スラウェシ島探訪3日目

 ドリスの親戚の家に泊めてもらった翌朝、子供たちが学校に登校する時間に我々も出発することに。インドネシアは見たところ、高校まで制服があるようだ。昨夜は歌を歌ってくれたので、お礼に折り紙をいくつか作って渡した。男の子はどうやって折られているか調べようとしてすぐにほどいてしまう。

昨日来た道を引き返し、Posoを通って、Tentenaのホテルに向かう。途中Posoの海岸にちょっと出てみたいと頼むが、上手く停められる所がなかったのか、叶わなかった。私が見たところ、どこからでも出られそうだったが、どうもグナワンはポソに長居したくない風だった。「市場を見てみたい。特に魚売り場が見たい」と頼んでも、「うーん、ちょっとそれは難しい....」というおかしな返事。時間はたっぷりあるはずなのだが。彼はポソが嫌いで早く通過したいのか、昨日からずっと運転し通しだったので早く帰りたいのか。
結局、ドリスがグナワンに「海岸か市場かどっちか寄りなさいよ、寄りたいって言ってンでしょ」と強く言ってくれたようで、市場に寄らせてくれた。

海外の市場をぶらぶらするのは楽しい。入ると拡声器でまくし立てる女の声が響き渡っている。近づいてみると鰐の頭骨を前にあれこれ言っていて、どうも男性用の強壮効果があるということらしい。スッポンの粉末みたいなものか?

魚売り場は面白い。日本ではあまり見かけないアジやタイっぽい魚もある。干物も。




湖のほとりの町、テンテナに着いたのは午後3時くらいだった。ポソ湖は水深450mと世界で26番目に深い湖のようだ(田沢湖が425mで30位と初めて知った)。ウナギが採れ、日本にも輸出されているという。数年前、萩原さんという若い魚の研究者がヴィクトリー・ホテルに長期滞在したらしい。ドリスは「私の日本の息子」と呼んでいた。萩原さんが巨大なウナギを抱えている写真を見て仰天した。こんな巨大なウナギがいるのか。調べてみたところ、北海道大学に在籍の方のようだ。

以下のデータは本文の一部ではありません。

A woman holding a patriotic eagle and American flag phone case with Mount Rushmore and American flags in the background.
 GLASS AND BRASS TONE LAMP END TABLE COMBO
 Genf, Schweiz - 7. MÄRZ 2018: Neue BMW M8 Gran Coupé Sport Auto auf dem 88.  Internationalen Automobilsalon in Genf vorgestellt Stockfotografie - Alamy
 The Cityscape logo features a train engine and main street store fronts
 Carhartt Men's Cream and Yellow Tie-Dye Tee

少し時間があるので付近を散歩することにした。宿でドリスの娘ノニに、ここではコウモリと犬の肉が珍しいから、屋台で試してみたら?と言われる。誰もが食べるわけでもないようだが、行ってみた。コウモリはオーストラリアにもいるフライング・フォックス、鼻の長いフルーツを食べるコウモリと同じだ。細かく刻んでかなり濃く辛く味付けされていたので、肉そのものの味はなんだかよくわからなかった。左はフライド・チキン、右はコウモリの肉。犬はちょっとやめておいた。翌日市場で売られているコウモリを見たが、これがなんとも恐ろしい形相で、おそらく生きたまま羽を切っているのではないかという代物だった。

宿に戻り、ドリスに昨日見た石の場所、謂れなどを話してもらう。ノニに通訳してもらい、ビデオに残した。ドリスもノニも日本でよく見るような顔をしている。とくにノニは沖縄にいそうな顔だ。石像にまつわる話は全て民話のようなもので、悲恋の王女と村の男性、とか、無理やり王様の側室にさせられた女の子、とか、実際の歴史とはあまり関連が無さそうだったが、面白かった。彼女はこうした話を村の長だった祖父から聞き、祖父は祖母から聞いたと言っていたそうだ。今は誰もが知っている話ではないかもしれない。

夜になるとグナワンが「ちょっと珍しいものを見せてやろうか」と、ニヤニヤしながら持ってきたのが、なんと猿の胎児を漬け込んだヤシ酒の瓶だった。「なかなか手に入らないんだよ、猿の胎児は」。そうでしょうね.....。「これは15年、こっちは30年ものだぞ」と。これも滋養強壮に云々ということらしいが....。私の反応を見て喜んでいたグナワンだったが、「ちょっと飲んでみるか?」と言わなかったところをみると、かなり大切にしているに違いない。彼は狩猟もよくやるようなので、もしかすると猿の胎児も自分で狩ったものかもしれない。様子を想像するとちょっとげんなりしてしまう。